Background: The long-term and often lifelong relationship of general practitioners (GPs) with their patients is considered to make them the ideal initiators of advance care planning (ACP). However, in general the incidence of ACP discussions is low and ACP seems to occur more often for cancer patients than for those with dementia or heart failure.
Objective: To identify the barriers, from GPs' perspective, to initiating ACP and to gain insight into any differences in barriers between the trajectories of patients with cancer, heart failure and dementia.
Method: Five focus groups were held with GPs (n = 36) in Flanders, Belgium. The focus group discussions were transcribed verbatim and analyzed using the method of constant comparative analysis.

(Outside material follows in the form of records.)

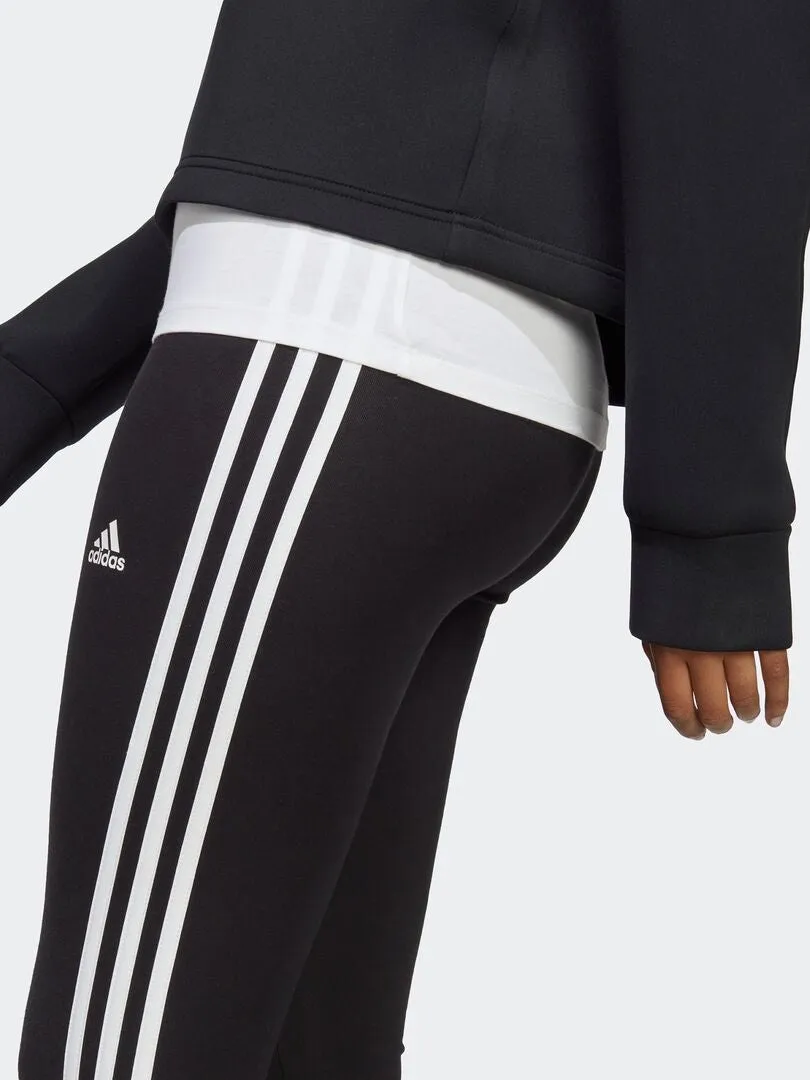 Legging 'Adidas' con 3 bandas - NEGRO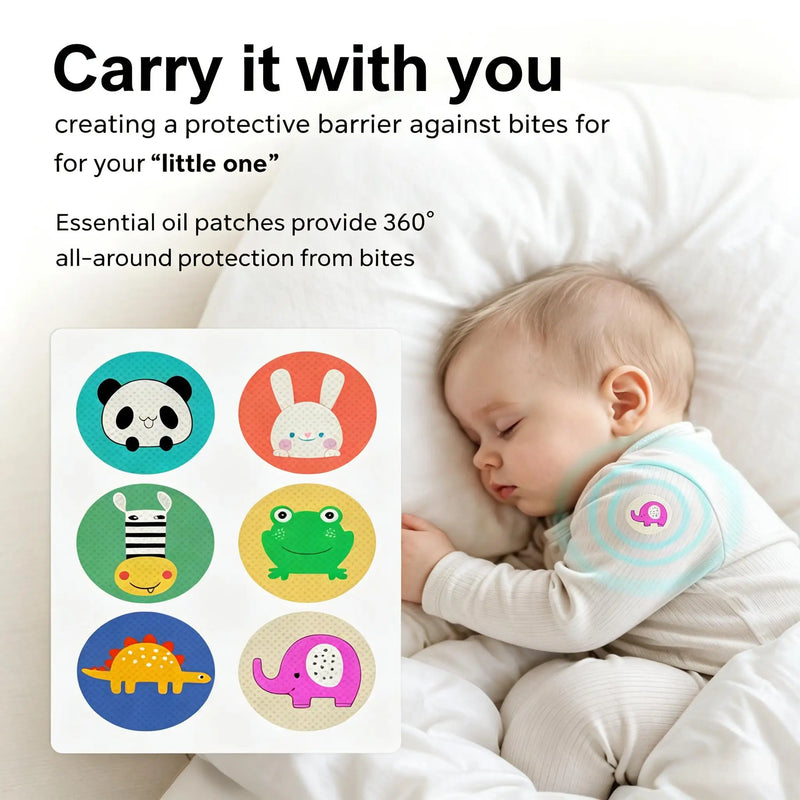Cartoon Plant Oil Mosquito Repellent Stickers for Kids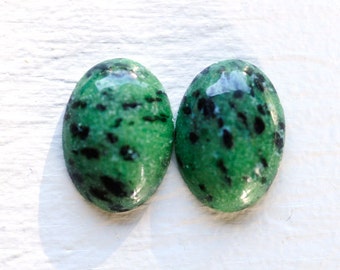 18x13mm Zoisite Ruby Natural Stone Ovals Oval Cabochons Cabochons Cabs Cab, Quantity 2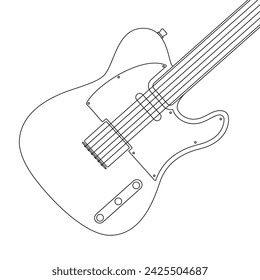 Electric Guitar, Guitar Vector, Electric Guitar Illustration, Guitar Illustration, Musical Band, Band Instrument, Instrument Icon, Vector Illustration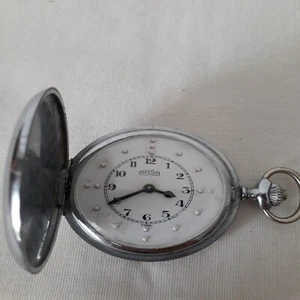 ARSA Vintage Swiss Pocket Watch Braille Swiss Made 1960s Mechanical Wind Up Work - Picture 1 of 22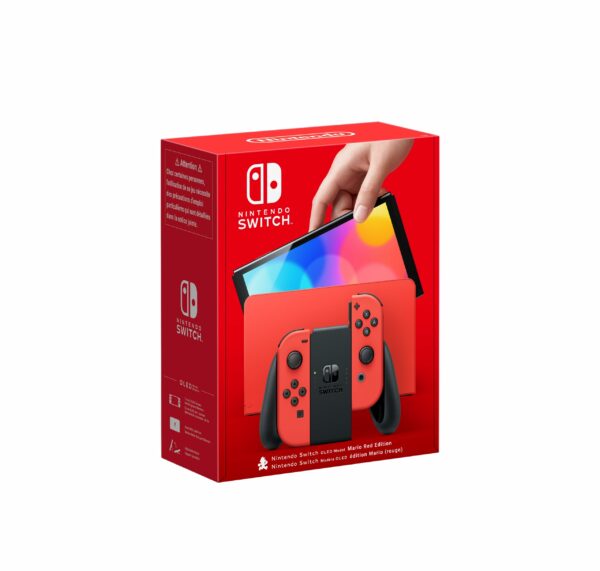 CONSOLE NINTENDO SWITCH OLED JOY-CON EDIZIONE SPECIALE MARIO ROSSA ITALIA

Results: THREE TYPES OF BARRIERS WERE DISTINGUISHED: barriers relating to the GP, to the patient and family and to the health care system. In cancer patients, a GP's lack of knowledge about treatment options and the lack of structural collaboration between the GP and specialist were expressed as barriers. Barriers that occured more often with heart failure and dementia were the lack of GP familiarity with the terminal phase, the lack of key moments to initiate ACP, the patient's lack of awareness of their diagnosis and prognosis and the fact that patients did not often initiate such discussions themselves. The future lack of decision-making capacity of dementia patients was reported by the GPs as a specific barrier for the initiation of ACP.
Conclusion: The results of our study contribute to a better understanding of the factors hindering GPs in initiating ACP. Multiple barriers need to be overcome, of which many can be addressed through the development of practical guidelines and educational interventions.